Social and physical environmental factors and child overweight in a sample of american and czech school-aged children: a pilot study.
Sommaire de l'article
OBJECTIVE: To compare environmental factors that influence body mass index for age (BMI-for-age) between a sample of American and Czech school-aged children. DESIGN: Pilot study. A parent questionnaire and school visits were used to collect data from parents and children. SETTING: Public schools in 1 American and 2 Czech cities. PARTICIPANTS: Forty-five American and 97 Czech 4(th)- through 6(th)-graders and their parents. VARIABLES MEASURED: Parenting style, food socialization and preparation practices, healthful food availability, and children’s BMI-for-age were measured. ANALYSIS: Factors from the parental scales were derived using factor analysis. Independent t tests compared environmental factors between American and Czech families. A regression model was used to identify environmental variables associated with BMI-for-age.
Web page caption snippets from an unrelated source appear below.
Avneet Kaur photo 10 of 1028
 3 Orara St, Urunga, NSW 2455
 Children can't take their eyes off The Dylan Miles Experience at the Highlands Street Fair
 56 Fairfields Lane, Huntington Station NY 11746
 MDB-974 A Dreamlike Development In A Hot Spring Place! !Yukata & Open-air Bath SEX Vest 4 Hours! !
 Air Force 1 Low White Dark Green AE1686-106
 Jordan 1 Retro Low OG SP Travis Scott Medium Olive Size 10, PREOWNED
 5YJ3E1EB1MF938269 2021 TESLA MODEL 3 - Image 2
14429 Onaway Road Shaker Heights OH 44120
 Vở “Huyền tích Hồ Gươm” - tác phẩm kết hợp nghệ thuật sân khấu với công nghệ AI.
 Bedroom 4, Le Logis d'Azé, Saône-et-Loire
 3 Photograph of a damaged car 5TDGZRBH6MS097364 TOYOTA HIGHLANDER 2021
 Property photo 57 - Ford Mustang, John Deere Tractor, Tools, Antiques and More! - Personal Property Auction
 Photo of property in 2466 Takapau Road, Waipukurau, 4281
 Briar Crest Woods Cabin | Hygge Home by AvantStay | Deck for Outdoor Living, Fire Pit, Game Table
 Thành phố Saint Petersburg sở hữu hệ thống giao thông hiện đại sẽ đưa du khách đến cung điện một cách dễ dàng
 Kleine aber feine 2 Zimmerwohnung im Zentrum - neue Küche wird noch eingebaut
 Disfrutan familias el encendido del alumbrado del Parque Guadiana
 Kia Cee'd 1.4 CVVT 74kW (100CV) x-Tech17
RESULTS: American parents used authoritative parenting style and positive food socialization practices more often than Czech parents (P <.001). Availability of healthful food and parental involvement in food preparation were higher (P <.001) in Czech households. Positive encouraging socialization practices, less frequent use of negative explanations, and a greater availability of vegetables were associated with lower BMI-for-age in the Czech sample of children. CONCLUSIONS AND IMPLICATIONS: A future study should focus on identifying environmental factors that influence children's BMI-for-age with a large sample of Czech and American parents and their school-aged children.